Nothing outside the range is to be copied. From the entries below, reproduce exactly the lines starting at the one with "ŠTA DA URADITE" and ending at the one with "PEUGEOT 208 - 5", without pictures.

═══ Dataset records ═══

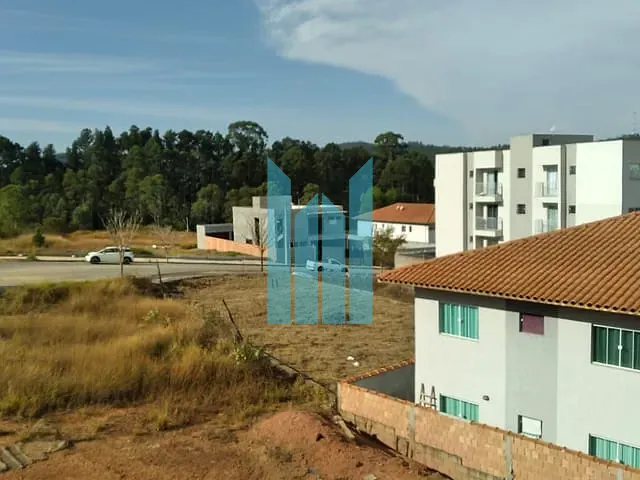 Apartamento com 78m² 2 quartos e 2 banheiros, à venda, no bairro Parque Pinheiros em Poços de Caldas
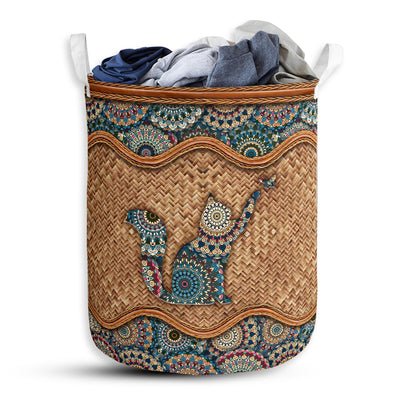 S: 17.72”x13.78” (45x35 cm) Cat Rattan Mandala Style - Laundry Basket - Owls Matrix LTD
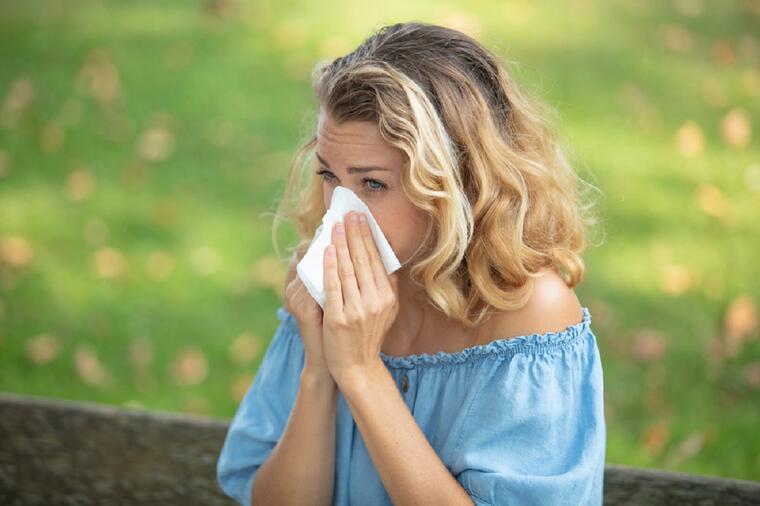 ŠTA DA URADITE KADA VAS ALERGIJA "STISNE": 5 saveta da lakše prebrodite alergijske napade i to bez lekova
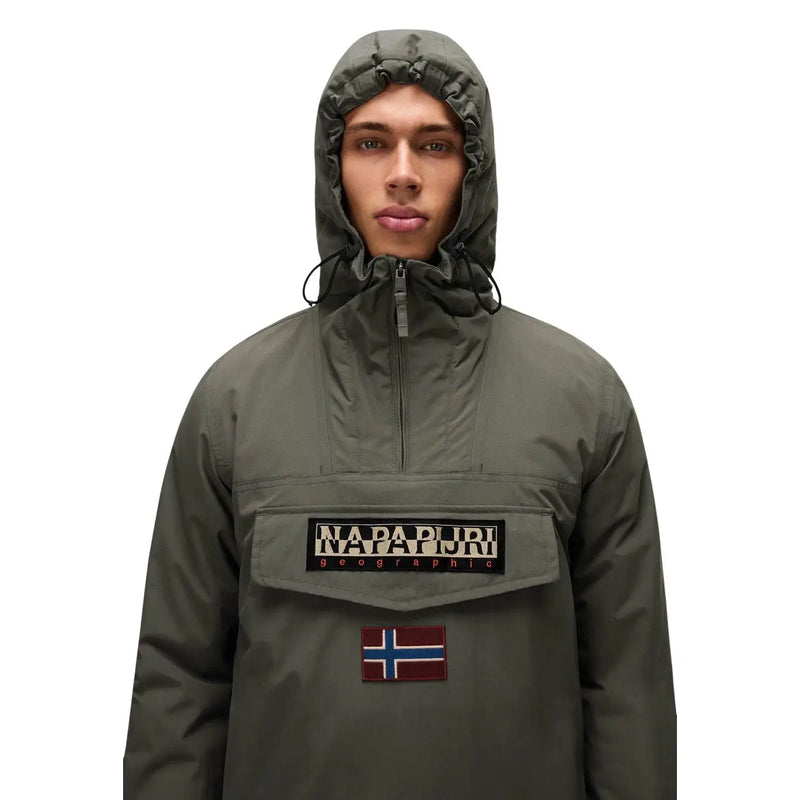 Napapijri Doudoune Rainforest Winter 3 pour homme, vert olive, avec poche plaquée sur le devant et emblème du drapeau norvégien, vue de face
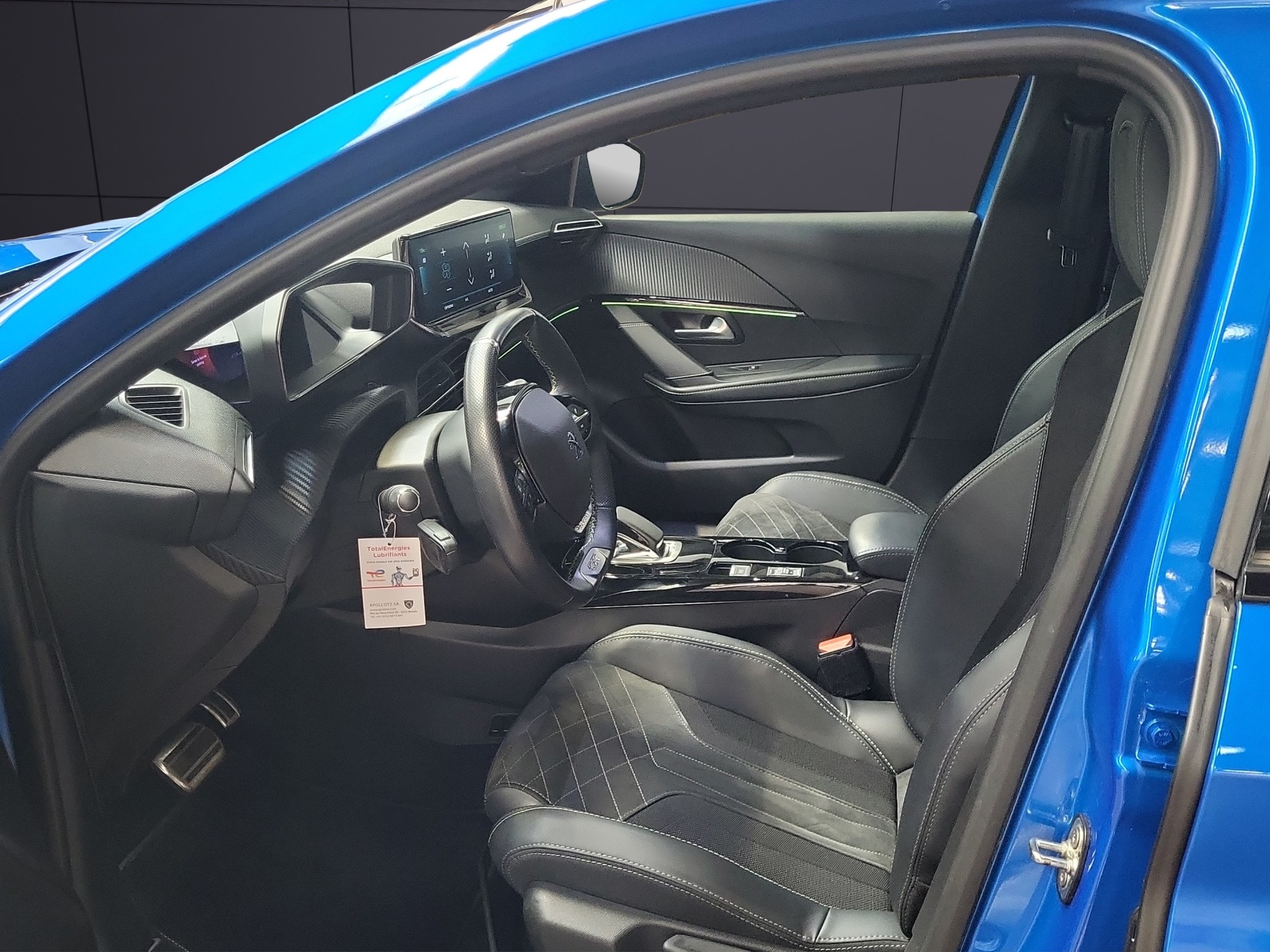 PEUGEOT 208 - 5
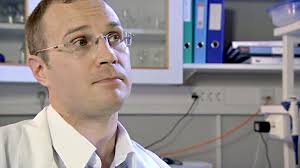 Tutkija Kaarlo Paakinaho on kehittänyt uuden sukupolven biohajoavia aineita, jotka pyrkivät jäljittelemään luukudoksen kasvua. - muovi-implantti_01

═══
═══ Dataset records ═══

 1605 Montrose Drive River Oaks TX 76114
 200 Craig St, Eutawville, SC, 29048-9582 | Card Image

═══

• [Written answer]:
 ŠTA DA URADITE KADA VAS ALERGIJA "STISNE": 5 saveta da lakše prebrodite alergijske napade i to bez lekova
 Napapijri Doudoune Rainforest Winter 3 pour homme, vert olive, avec poche plaquée sur le devant et emblème du drapeau norvégien, vue de face
 PEUGEOT 208 - 5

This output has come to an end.